Рис.2. А. Дюрер. Меланхолия I. 1514. Гравюра резцом на меди. Источник: http://pikabu.ru/story/melankholiya_gravyura_dyurera_510042

В сборнике новелл Оноре де Бальзака «Философские этюды» (1831–1837) есть одна под названием «Неведомый шедевр». В ней повествуется о вымышленном эпизоде из жизни французского живописца XVII в. Н. Пуссена, который посетил мастерскую фламандского художника Ф. Поурбуса, где встретил некоего Френхофера. Этот загадочный художник будто бы владел какими-то секретами мастерства и никому не показывал картину, которую он в то время писал. Когда же Пуссену и Поурбусу удалось взглянуть на полотно, они увидели только хаос непонятных мазков. Лишь в углу картины маленький кончик ноги натурщицы говорил о том, что было изображено здесь раньше. П. Сезанн, по свидетельству его ученика Э. Бернара, «с огромным волнением узнавал себя в каких-то сторонах личности Френхофера». П. Пикассо в течение нескольких лет делал рисунки на тему «Художник и модель» и «Мастерская художника». Коллекционер А. Воллар в 1931 г. осуществил издание «Неведомого шедевра», для которого использовал эти рисунки в качестве иллюстраций (рис. 3, 4). В беседе с Д.-А. Канвайлером Пикассо однажды заметил: «То, что случилось с Френхофером в “Неведомом шедевре”, просто великолепно. В конечном итоге никому не дано видеть что-нибудь, кроме самого себя. Бесконечные поиски реальности завели его в непроглядный мрак. Реальностей так много, что, пытаясь охватить их все, неизбежно проваливаешься в темноту» [16].

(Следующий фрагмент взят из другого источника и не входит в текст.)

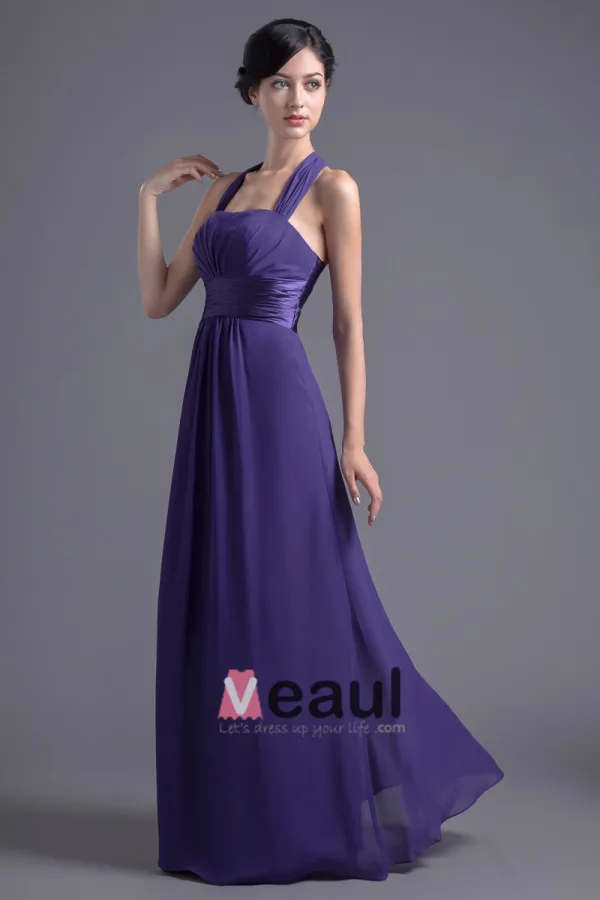 Beautiful Halter Floor Length Pleated Chiffon Bridesmaid Dress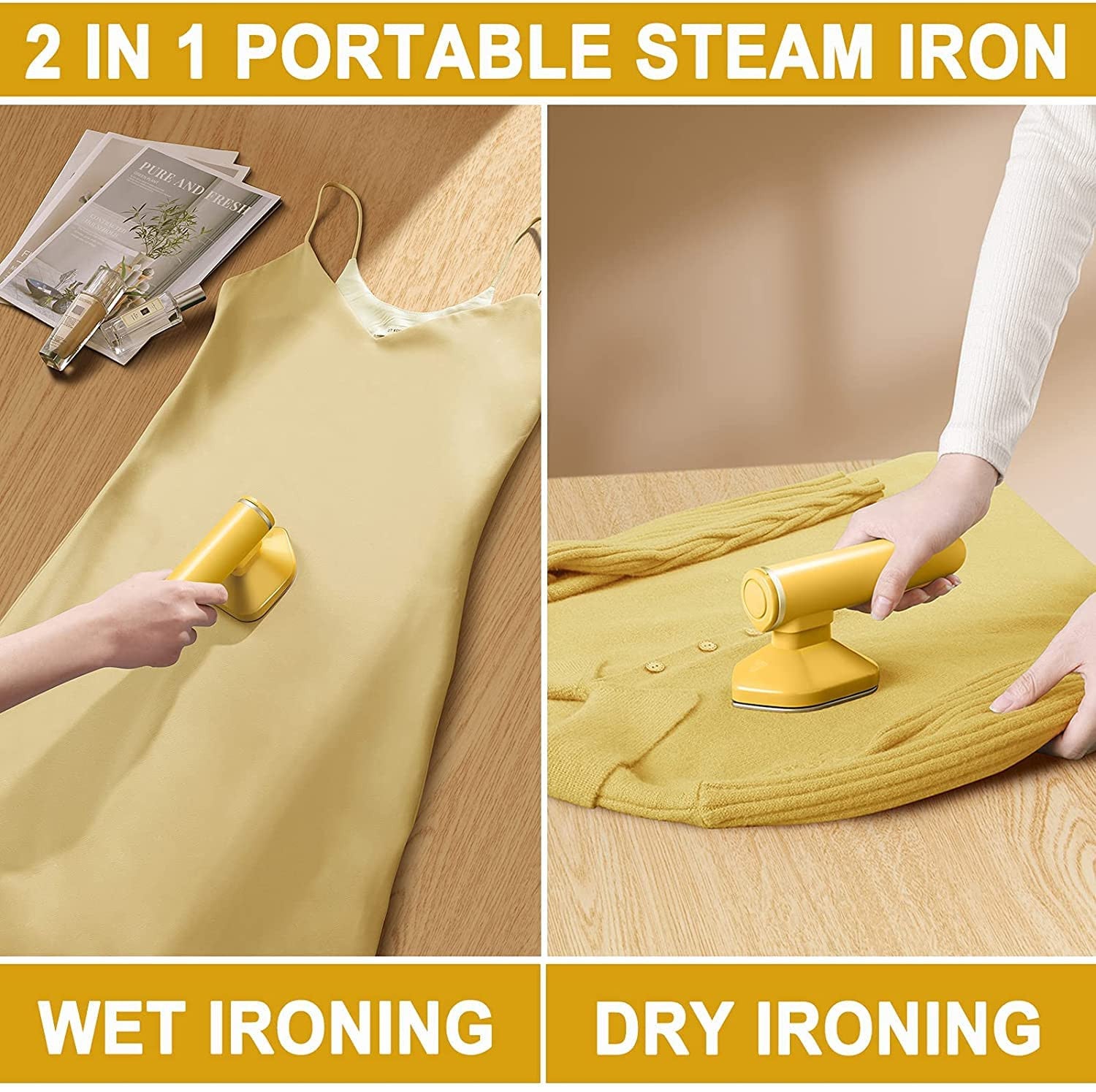 Portable Handheld Travel Steam Iron for Wrinkle-Free Garments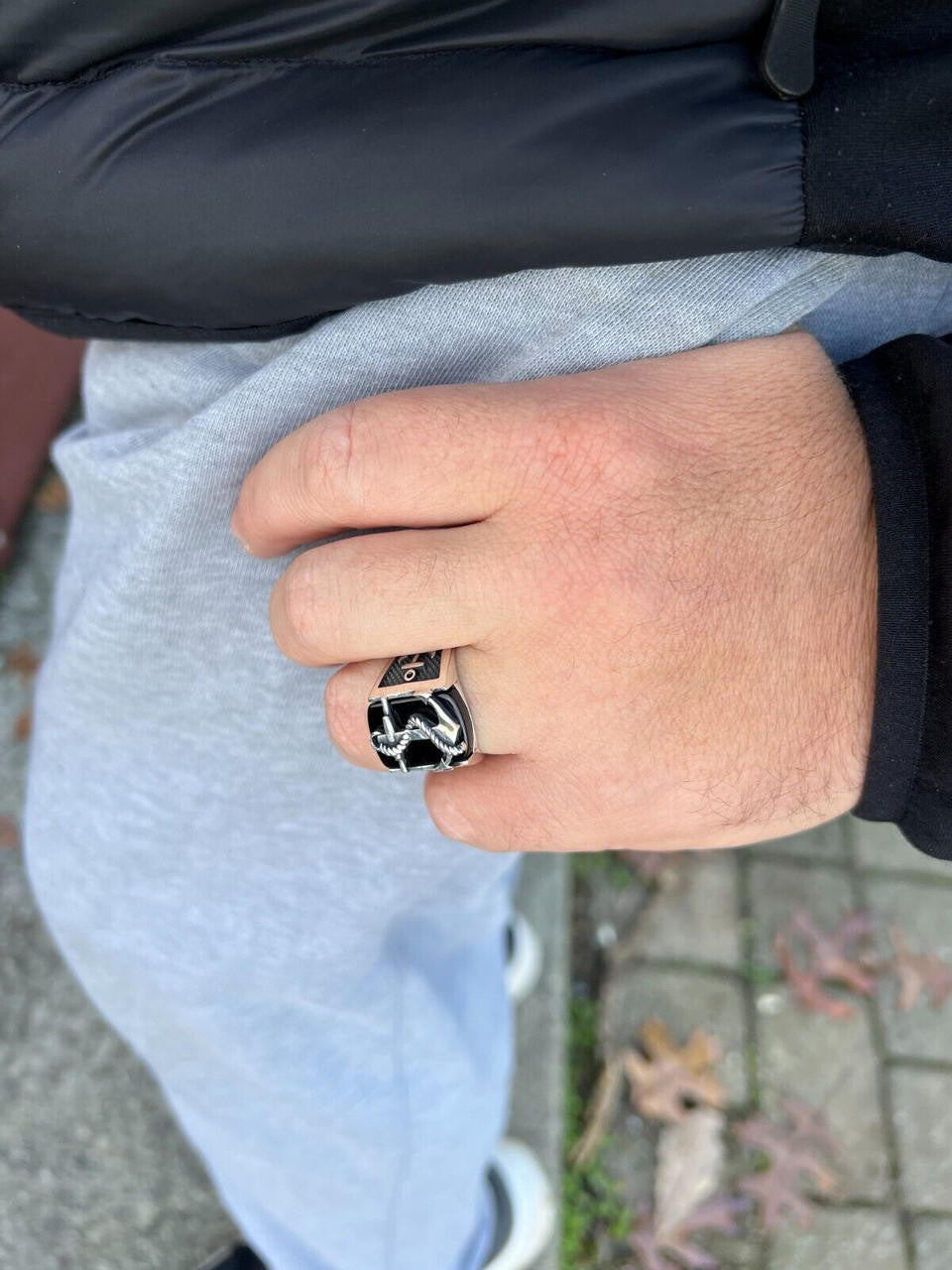 HarlemBling Mens Real 925 Sterling Silver Natural Black Onyx W. Anchor Sailor Maritime Ring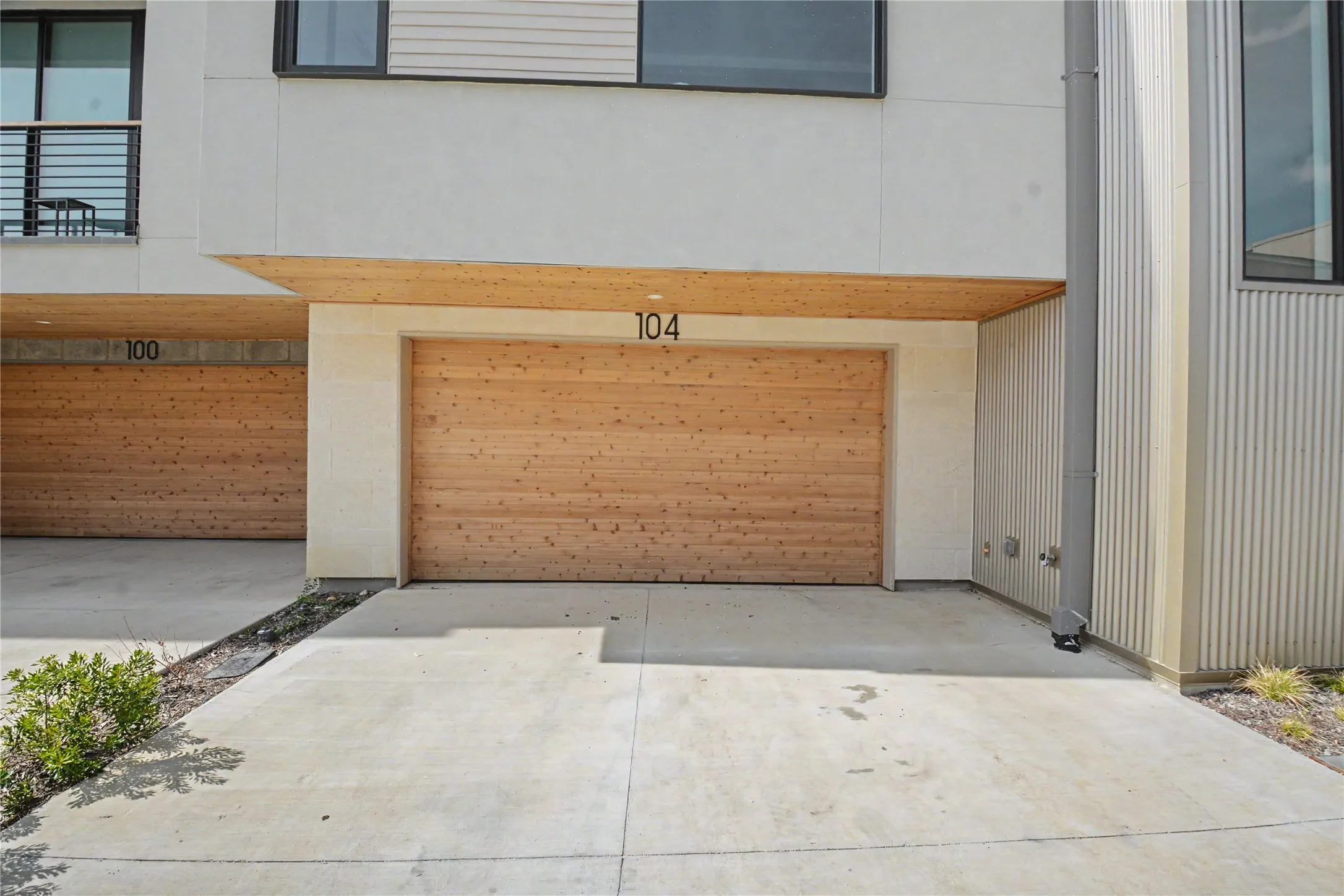 2 car garage equipped with EV wiring.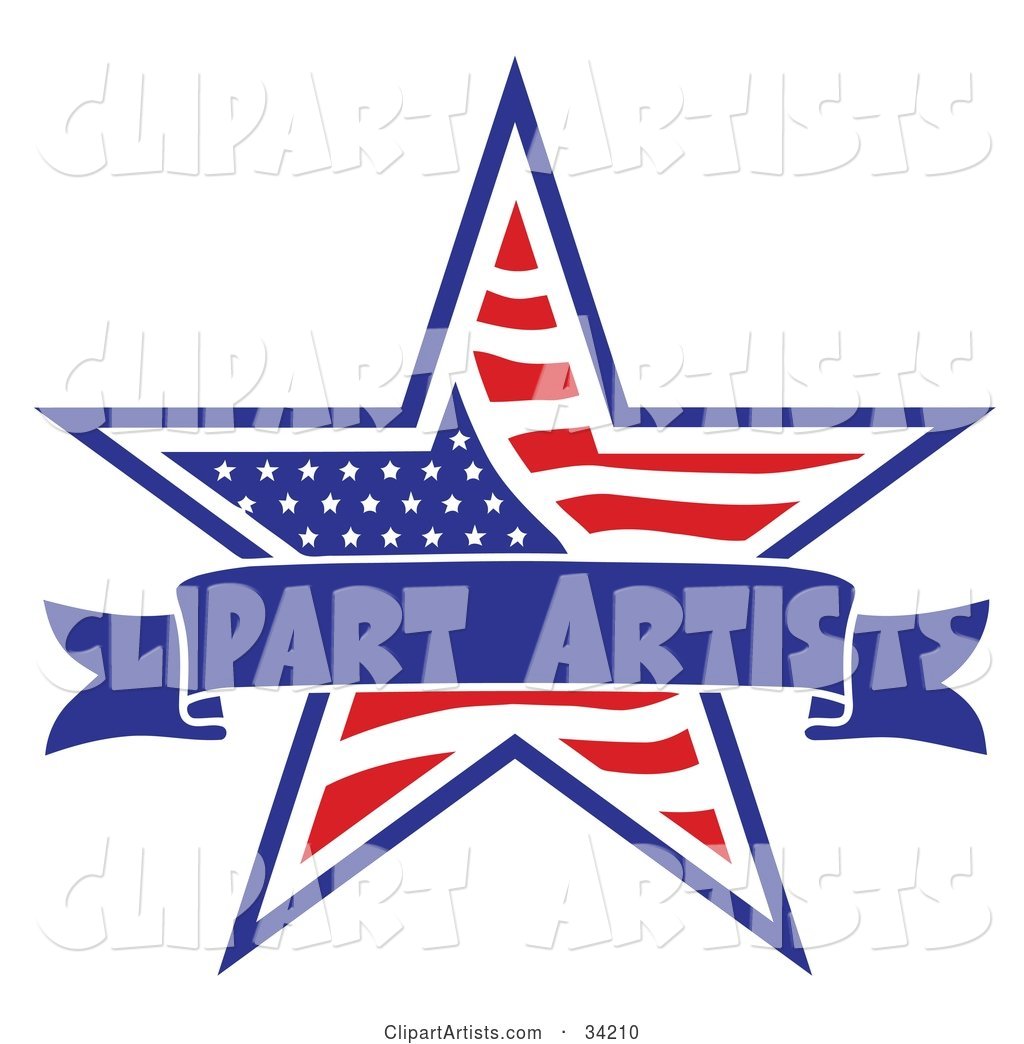 Patriotic American Star with a Dark Blue Banner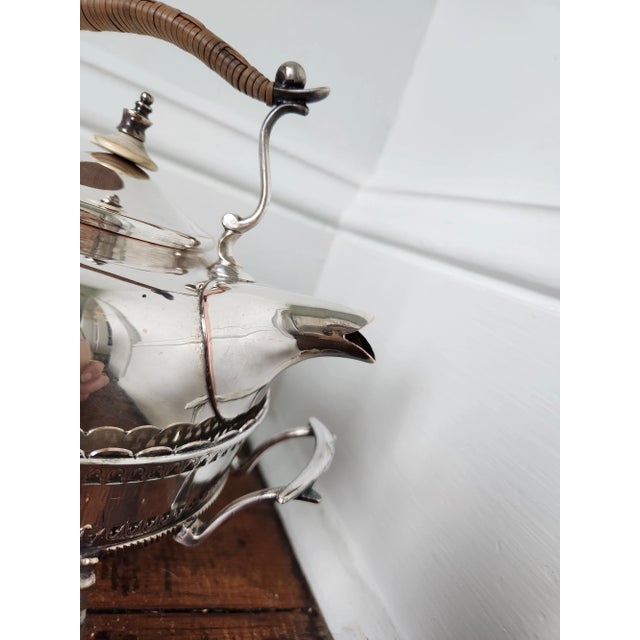 Early 20th Century Early 20th Century English Silver Plated Tea Pot With Stand` - Set of 3 For Sale - Image 5 of 12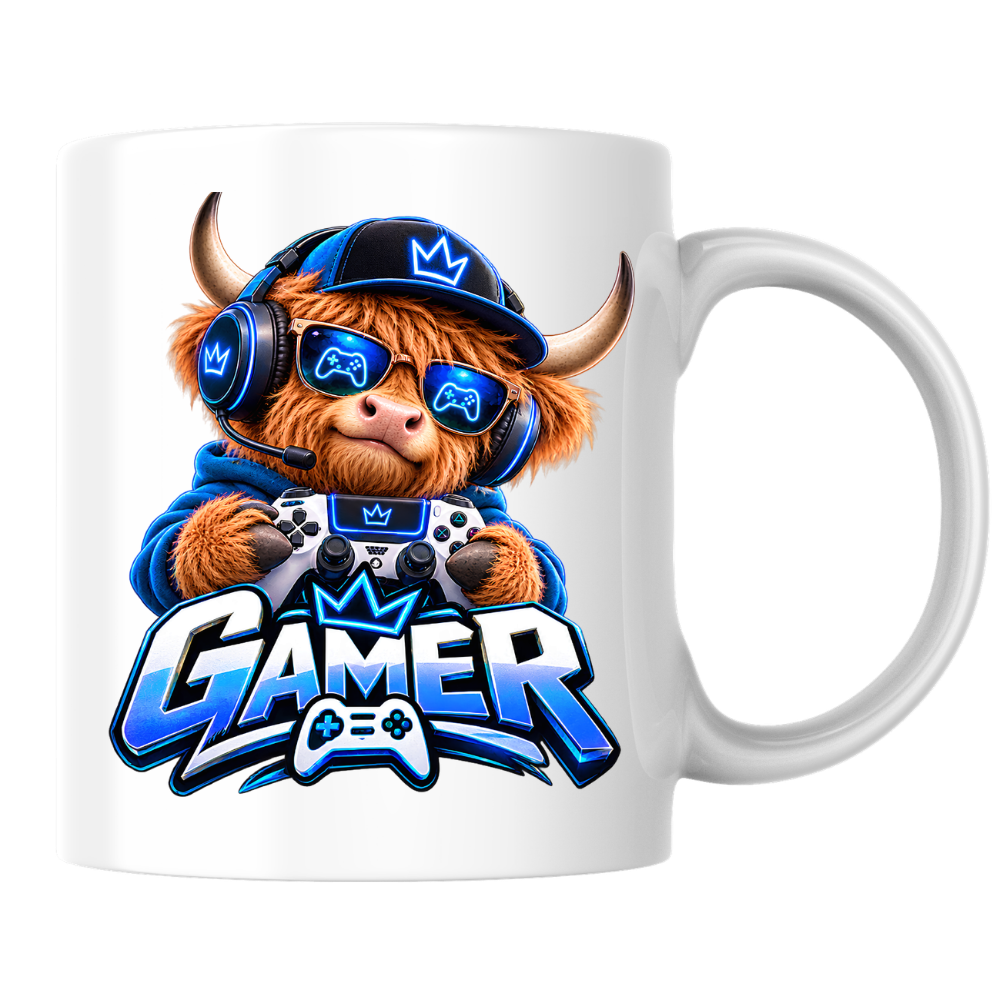 Gaming Mug "Gamer" Highland Cow Gamer 325ml Ceramic Coffee Mug – Cute Highland Cow Gamer in Blue Hoodie & Headset with Controller Art | Video Game Gift | Fast Dispatch by UK Seller (M3347)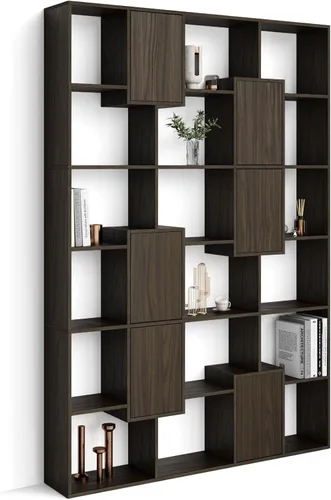Miniatura 31 de Mobili Fiver, Iacopo XS Estantería con puertas de panel (63.31 x 31.5 pulgadas), color negro Ashwood, Made in Italy
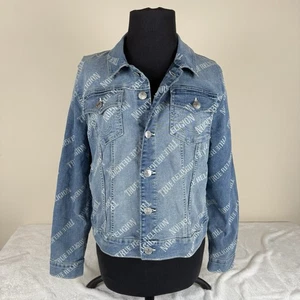 True Religion Damen XL Allover Logo Relaxed Trucker Jacke hellblau neu mit Etikett $ 179 - Bild 1 von 9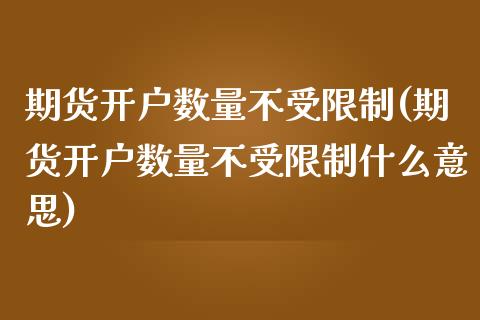 期货开户数量不受限制(期货开户数量不受限制什么意思)_https://www.iteshow.com_商品期权_第1张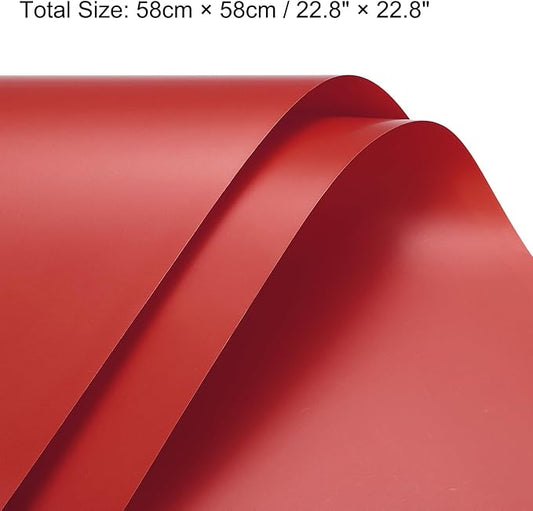 MECCANIXITY Pearlescent Film Flower Wrapping Paper 22.8x22.8 Inch Waterproof for DIY Crafts, Gift/Gift Box Packaging China Red Pack of 10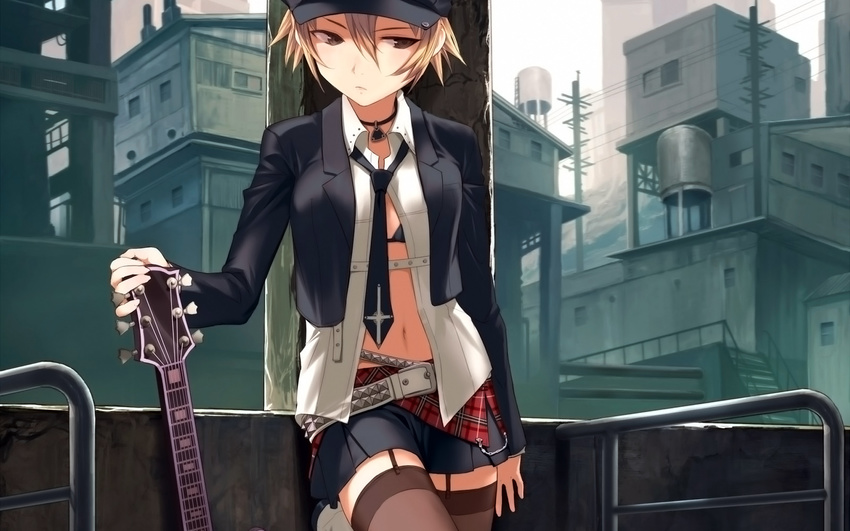 bra guitar open_shirt thigh-highs uni upscaled wallpaper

Рис.3. П. Пикассо. Иллюстрация к изданию рассказа О. де Бальзака «Неведомый шедевр». Издание А. Воллара. 1931. Лист IV. 1927. Офорт. Источник: http://www.picasso-pablo.ru/library/picasso-ot-parada-do-gerniki4.html

Рис. 4. П. Пикассо. Иллюстрация к изданию рассказа О. де Бальзака «Неведомый шедевр». Издание А. Воллара. 1931. Лист VIII. 1928. Офорт. Источник: http://www.picasso-pablo.ru/library/picasso-ot-parada-do-gerniki4.html

Тема соревнования с природой и поражения перед ней, невозможности достичь натуралистическими средствами правды искусства, отличающейся от правды жизни, волновала многих живописцев и писателей. Об этом свидетельствуют романы Э. Золя «Творчество» (1886, по общепринятой версии о жизни живописца П. Сезанна, хотя более подходит образ импрессиониста К. Моне), С. Моэма «Луна и грош» о П. Гогене (1919), И. Стоуна «Жажда жизни» о Ван Гоге (1934), О. Уайлда «Портрет Дориана Грея» (1890) и многие другие. Однако дистанция между литературным и изобразительным мышлением в этих замечательных в своем роде примерах не только сохраняется, но и приобретает трагическую окраску. Э. Золя считал П. Сезанна неудачником и не понимал его живописи. Сезанн и его друзья посчитали «предательский роман» Э. Золя оскорблением: «Нельзя требовать от несведущего человека, чтобы он говорил разумные вещи об искусстве живописи» (из беседы П. Сезанна с А. Волларом, 1903) [17]. С темой невозможности соревнования живописца с природой перекликается классическая тема одиночества художника. «Каждый художник, – писал философ И. А. Ильин в 1933 г., – по-своему видит все: и внешний, материальный мир, и внутренний мир души, и заумный мир духовных состояний… По-своему находит образцы, по-своему выбирает слова, звуки, линии и жесты». Поэтому «художественный акт», заключает Ильин, «по своему строению недоступен его современникам» [18].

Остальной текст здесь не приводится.